--- TASK INSTRUCTIONS ---
Word for word, transcribe the lines below and drop the pictures.

[Opening RAW DATA section]

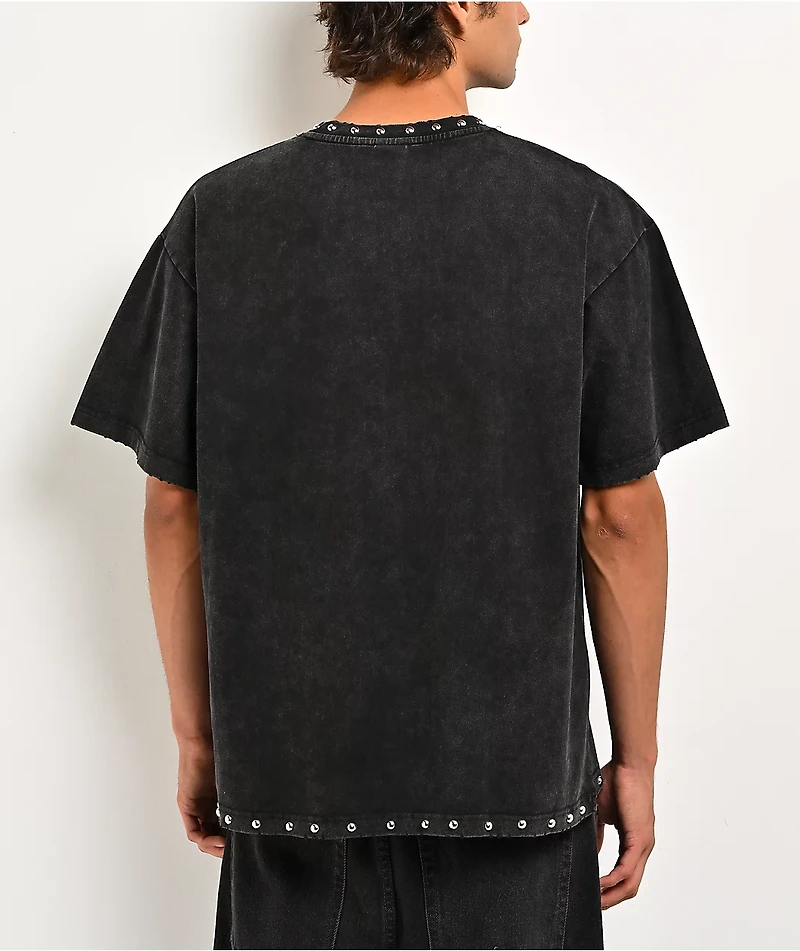 Learn To Forget Thrashed Studded Black Wash T-Shirt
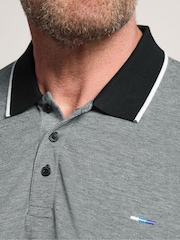 BadRhino Big & Tall Grey Birdseye Tipping Polo Shirt - Image 4 of 6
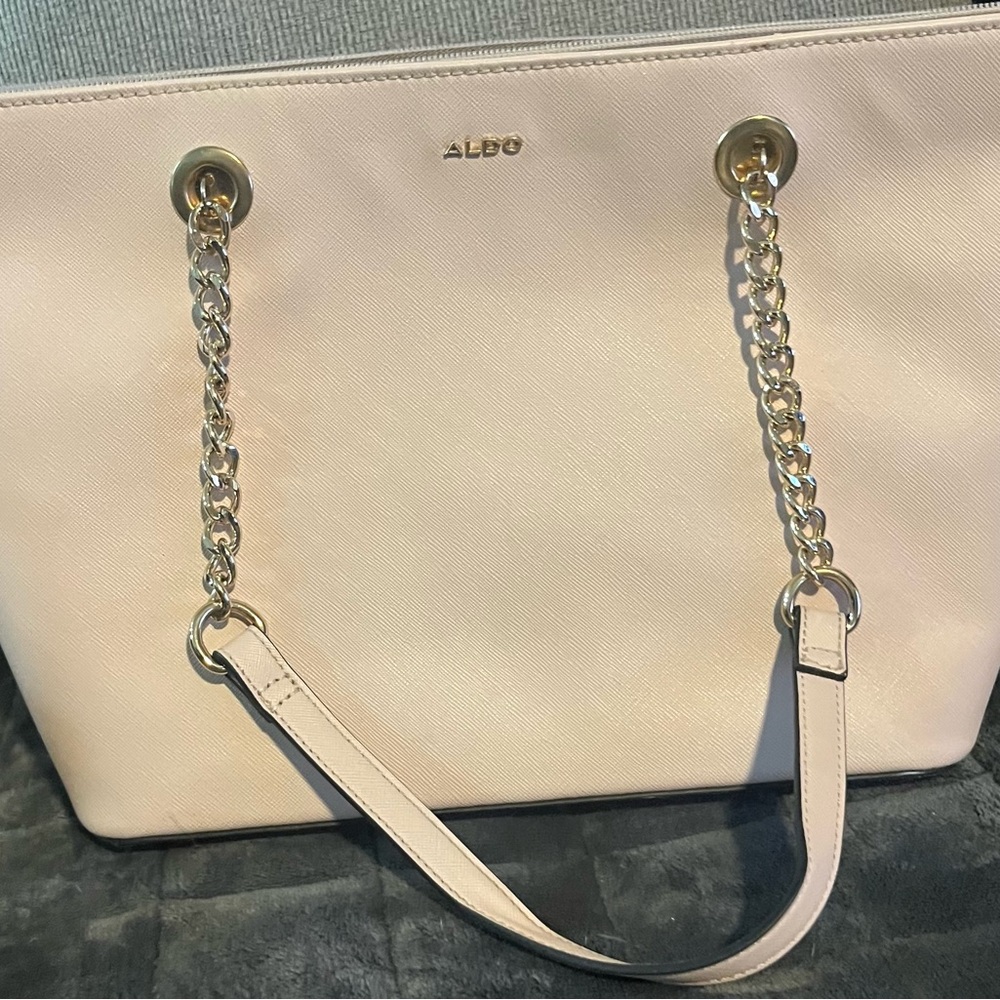 ALDO Pale Pink Tote with Gold Chain Straps Like New Condition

[Closing RAW DATA section]

--- WORKED SOLUTION ---
 Learn To Forget Thrashed Studded Black Wash T-Shirt
 BadRhino Big & Tall Grey Birdseye Tipping Polo Shirt - Image 4 of 6
 ALDO Pale Pink Tote with Gold Chain Straps Like New Condition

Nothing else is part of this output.